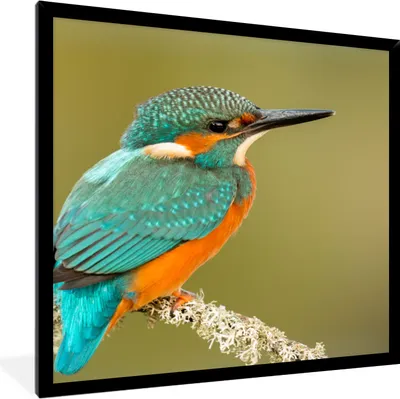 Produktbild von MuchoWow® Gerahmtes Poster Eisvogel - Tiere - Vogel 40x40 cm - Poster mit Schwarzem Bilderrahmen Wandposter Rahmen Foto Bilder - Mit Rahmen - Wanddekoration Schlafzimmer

-- -- --

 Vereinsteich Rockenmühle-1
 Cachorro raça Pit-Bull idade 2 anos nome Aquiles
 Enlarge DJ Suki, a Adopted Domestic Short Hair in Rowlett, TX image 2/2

-- -- --

• Brief:
Looking at the data above, write out exactly the lines that start at the one containing "Vereinsteich Rockenmühle-1" and end at the one containing "Enlarge DJ Suki, a"; include both and nothing beyond.

• Finished exercise:
 Vereinsteich Rockenmühle-1
 Cachorro raça Pit-Bull idade 2 anos nome Aquiles
 Enlarge DJ Suki, a Adopted Domestic Short Hair in Rowlett, TX image 2/2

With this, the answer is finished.